# Want to be a better guitar player? Stand on one leg



## 1SweetRide (Oct 25, 2016)

and be frustrated. So sayeth science. I’m going to try it.


----------



## Mark Brown (Jan 4, 2022)

17 minutes of video
0 seconds of playing

100% disappointment

Don't make a video holding a guitar if you do not intend to play the %$#*ING guitar!
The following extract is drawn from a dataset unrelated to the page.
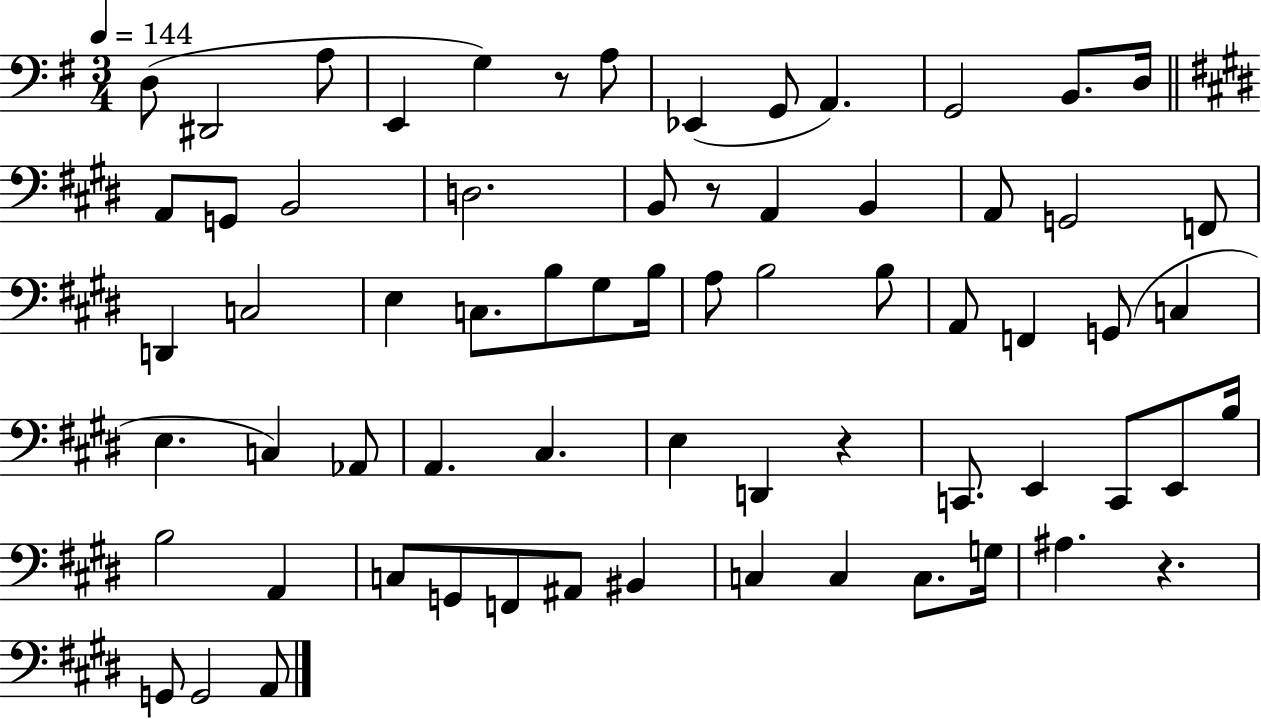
D3/e D#2/h A3/e E2/q G3/q R/e A3/e Eb2/q G2/e A2/q. G2/h B2/e. D3/s A2/e G2/e B2/h D3/h. B2/e R/e A2/q B2/q A2/e G2/h F2/e D2/q C3/h E3/q C3/e. B3/e G#3/e B3/s A3/e B3/h B3/e A2/e F2/q G2/e C3/q E3/q. C3/q Ab2/e A2/q. C#3/q. E3/q D2/q R/q C2/e. E2/q C2/e E2/e B3/s B3/h A2/q C3/e G2/e F2/e A#2/e BIS2/q C3/q C3/q C3/e. G3/s A#3/q. R/q. G2/e G2/h A2/e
Interesting concepts however.


----------



## Budda (May 29, 2007)

Came in expecting the foot-on-monitor stance.


----------



## Wardo (Feb 5, 2010)




----------



## Sketchy Jeff (Jan 12, 2019)

didn't watch the linked vid but my wonderful wife often laughs at me because i do stand on one leg when i perform. doesn't happen when i practice and i don't notice it and would deny that i do it but the evidence is there in pictures me standing like a stork 
j


----------



## laristotle (Aug 29, 2019)

seems to work with flutes


----------



## 79Deluxe (6 mo ago)

Love this photo


----------



## 1SweetRide (Oct 25, 2016)

Wardo said:


> View attachment 426279


That guitar is gonna need antibiotics


----------



## Wardo (Feb 5, 2010)

True, but it’s havin a good time..lol


----------



## jbealsmusic (Feb 12, 2014)

I remember learning about Neuroplasticity in psych class. From then on, I studied while on the treadmill. It worked wonders for my cardiovascular health. Can't confirm whether it made my memory any better come test time. 🤷‍♂️


----------



## Dru Edwards (9 mo ago)

Steve Harris (Iron Maiden) has the foot on the cab pose nailed.


----------



## BGood (Feb 20, 2015)

What if I play sitting on one cheek, same results ?


----------



## laristotle (Aug 29, 2019)

Do stools count?


----------



## Mark Brown (Jan 4, 2022)

laristotle said:


> Do stools count?
> View attachment 426380


Doesn't matter, thats a bass. Automatic disqualification


----------